-- Instructions to follow --
All lines in the records below from the line with "TWO TONE WHITE" through the line with "Automotive exterior, Rectangle" are to be given again exactly, both ends included; the pictures are to be left out.

-- Data to examine --
+++
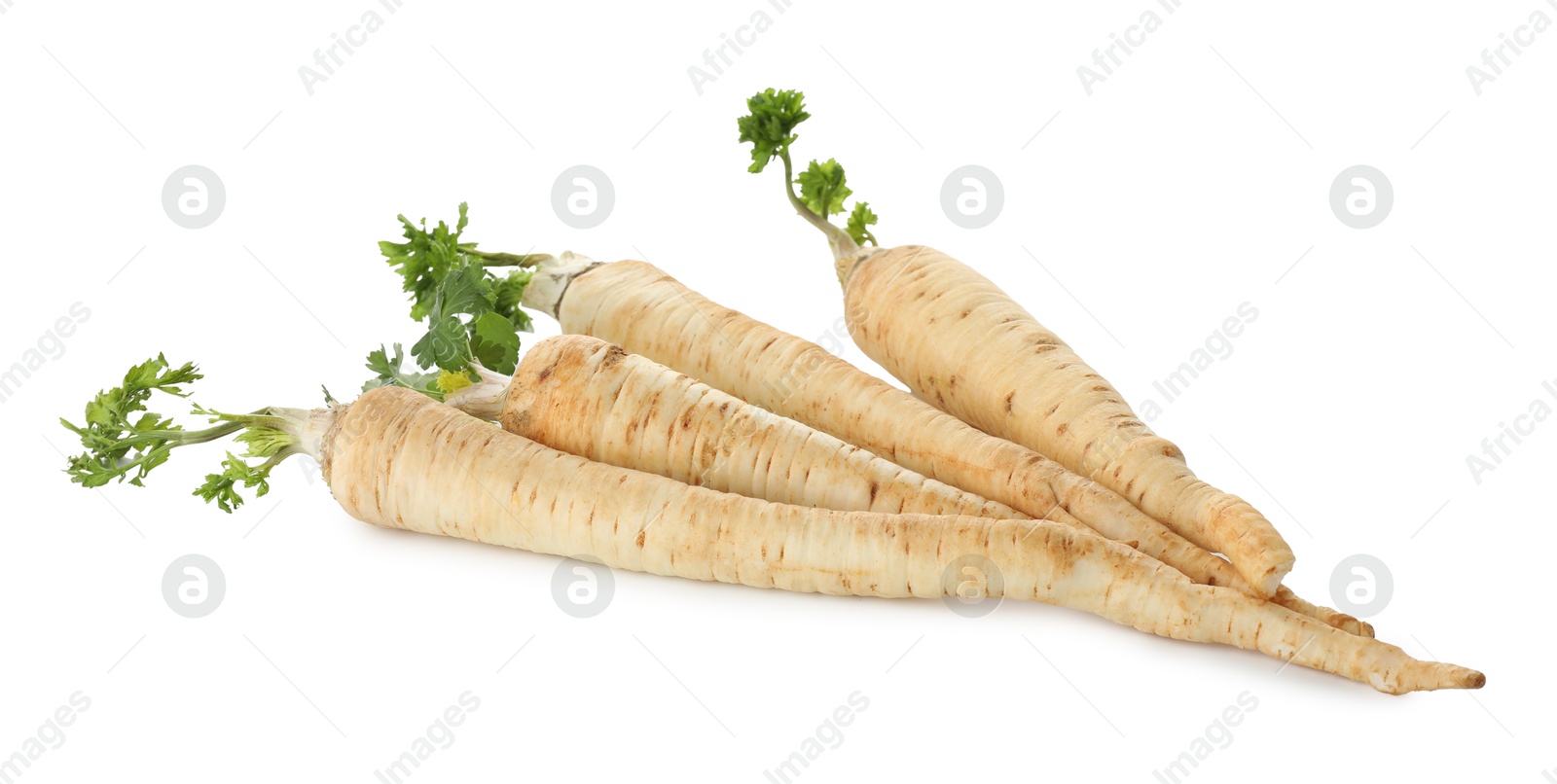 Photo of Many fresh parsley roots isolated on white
+++
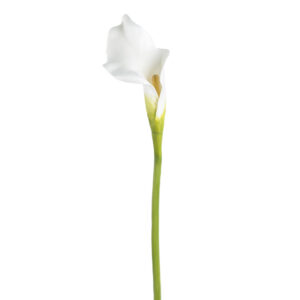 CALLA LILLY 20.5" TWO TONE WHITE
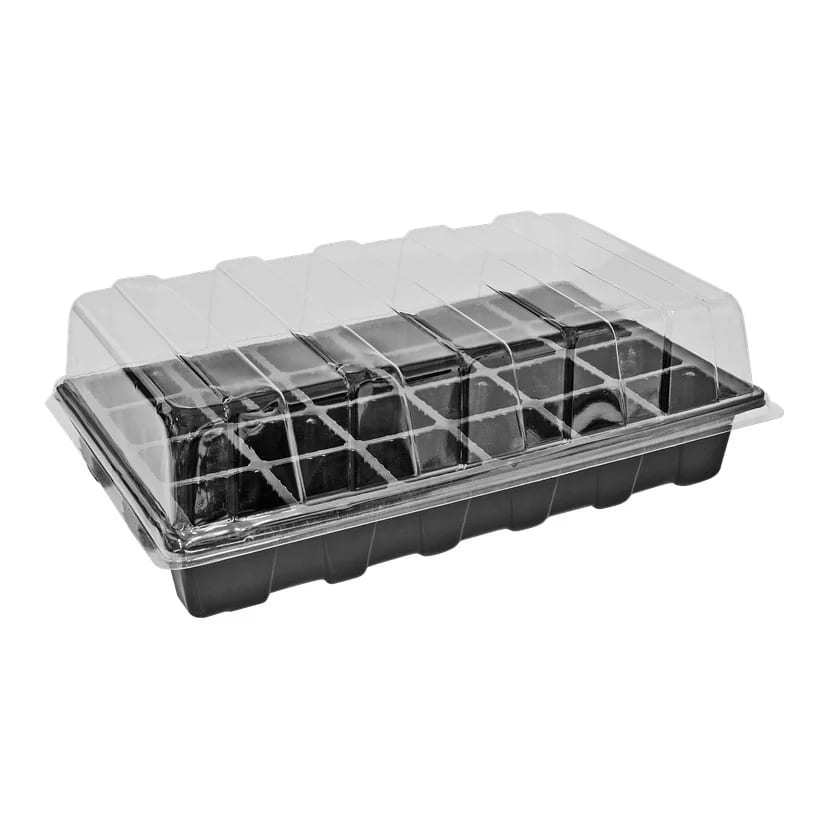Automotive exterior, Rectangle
+++
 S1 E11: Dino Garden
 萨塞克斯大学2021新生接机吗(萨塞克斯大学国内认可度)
+++
-- Solution below --
 CALLA LILLY 20.5" TWO TONE WHITE
Automotive exterior, Rectangle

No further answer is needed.